■ WHAT IS REQUIRED:
Any picture in the range stays out of the copy; retype exactly the lines from the one with "Used 2015 Ford Taurus SE FWD image 12" to the end of the listing.

___

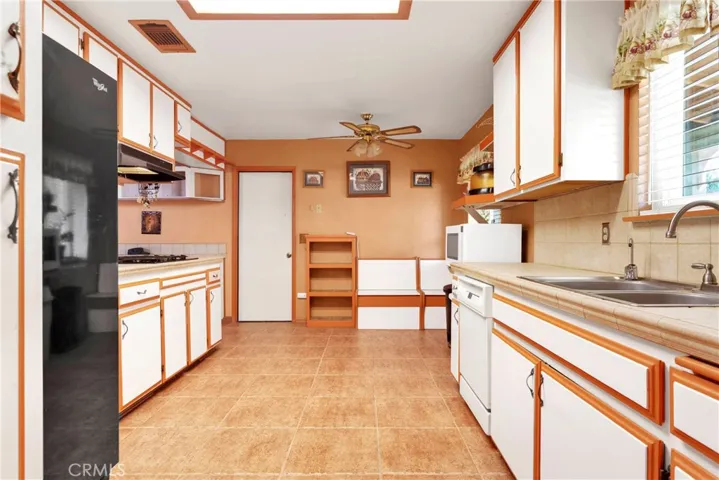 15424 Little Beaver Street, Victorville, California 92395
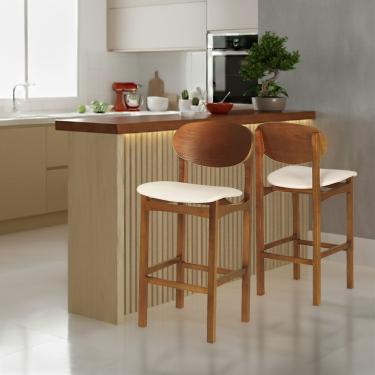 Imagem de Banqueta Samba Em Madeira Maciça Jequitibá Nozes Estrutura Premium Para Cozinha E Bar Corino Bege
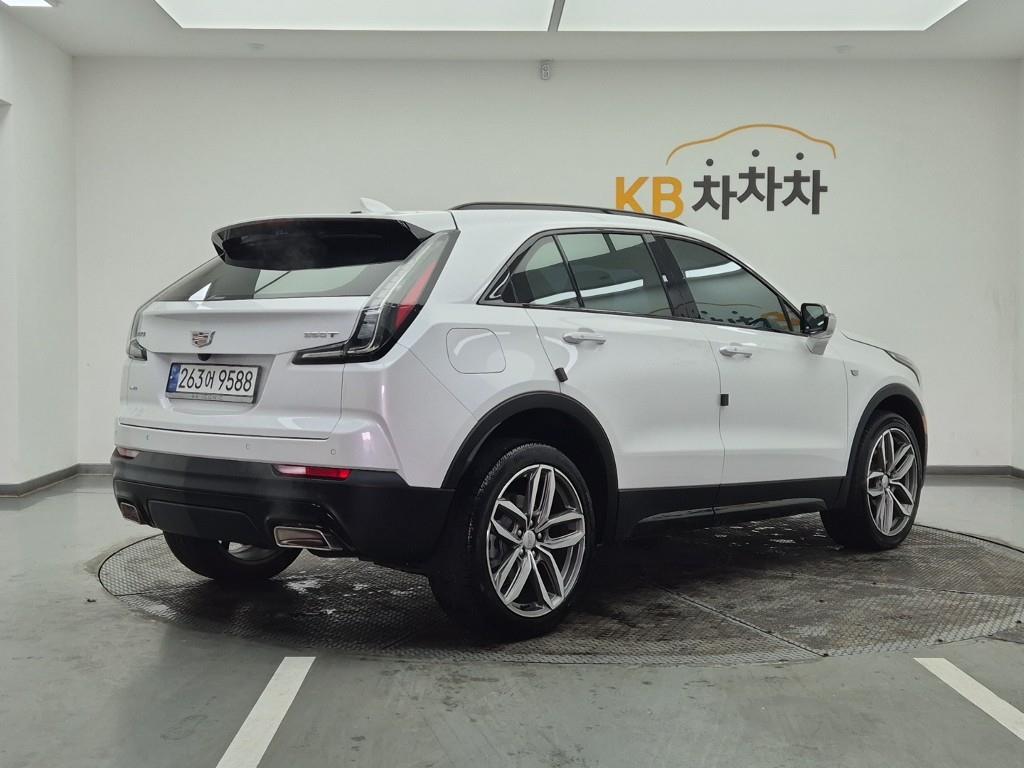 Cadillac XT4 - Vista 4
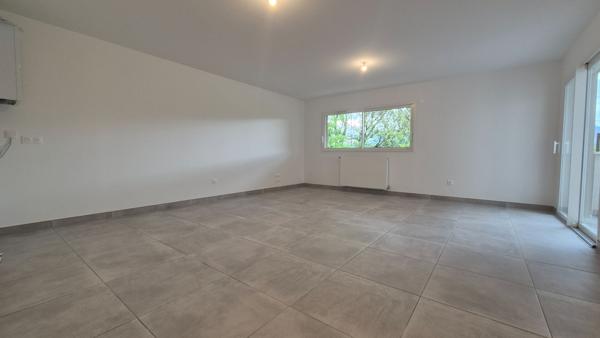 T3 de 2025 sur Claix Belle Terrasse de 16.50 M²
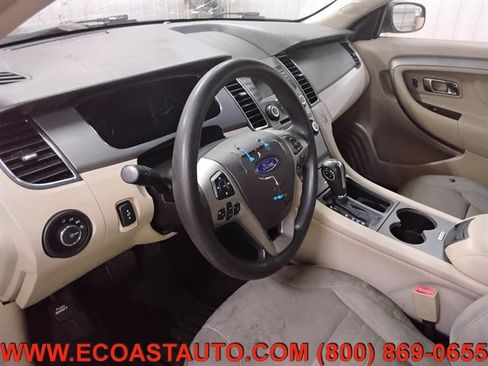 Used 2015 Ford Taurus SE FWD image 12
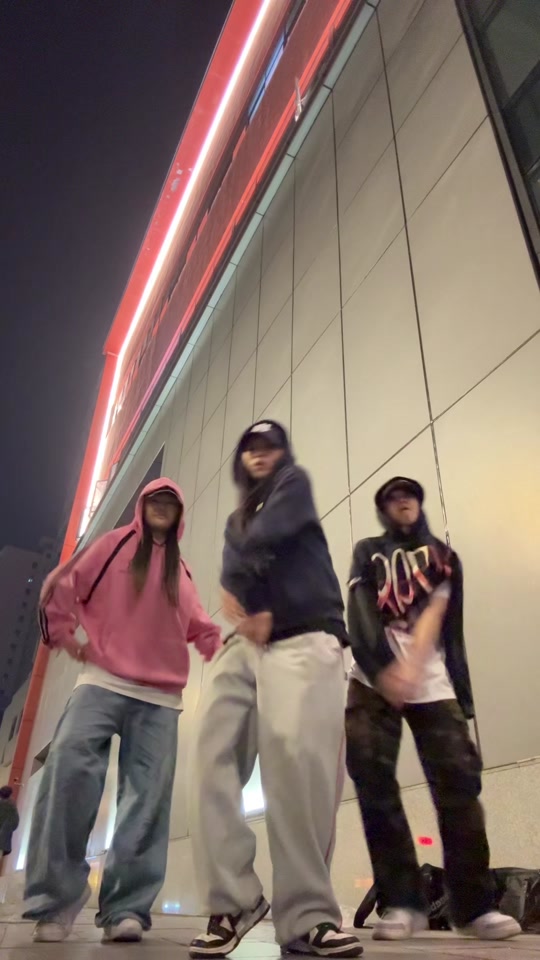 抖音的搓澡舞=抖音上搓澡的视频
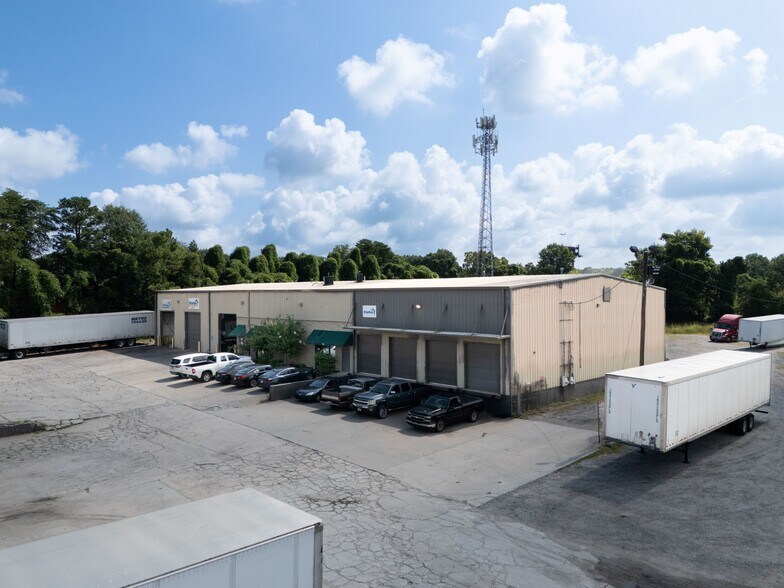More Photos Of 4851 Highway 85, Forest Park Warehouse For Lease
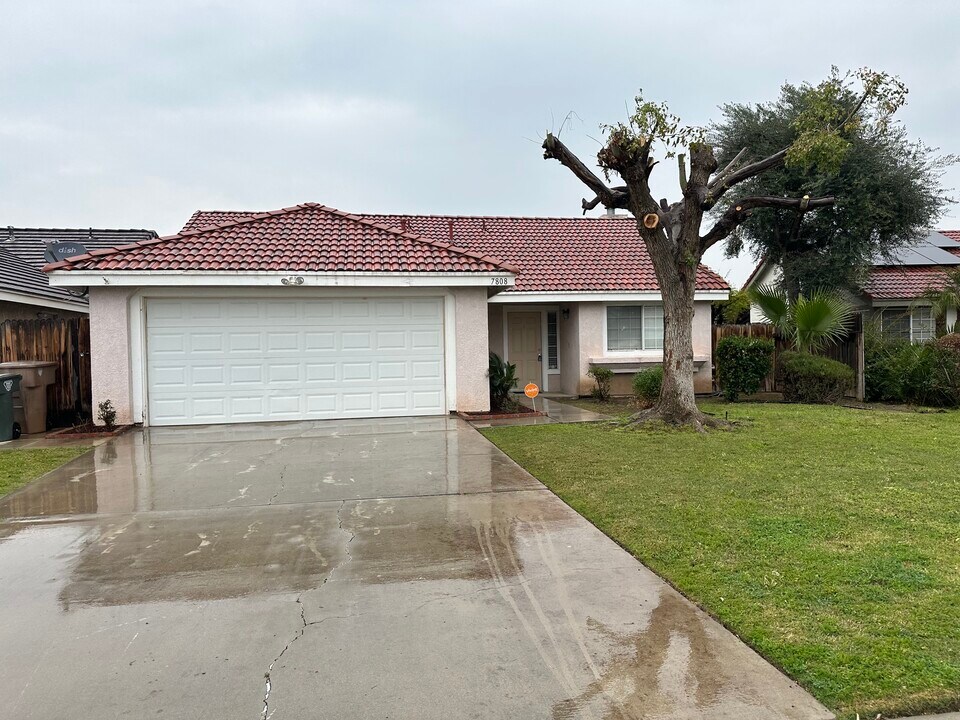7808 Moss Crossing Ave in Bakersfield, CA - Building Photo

___

■ EXERCISE SOLUTION:
 Used 2015 Ford Taurus SE FWD image 12
 抖音的搓澡舞=抖音上搓澡的视频
More Photos Of 4851 Highway 85, Forest Park Warehouse For Lease
7808 Moss Crossing Ave in Bakersfield, CA - Building Photo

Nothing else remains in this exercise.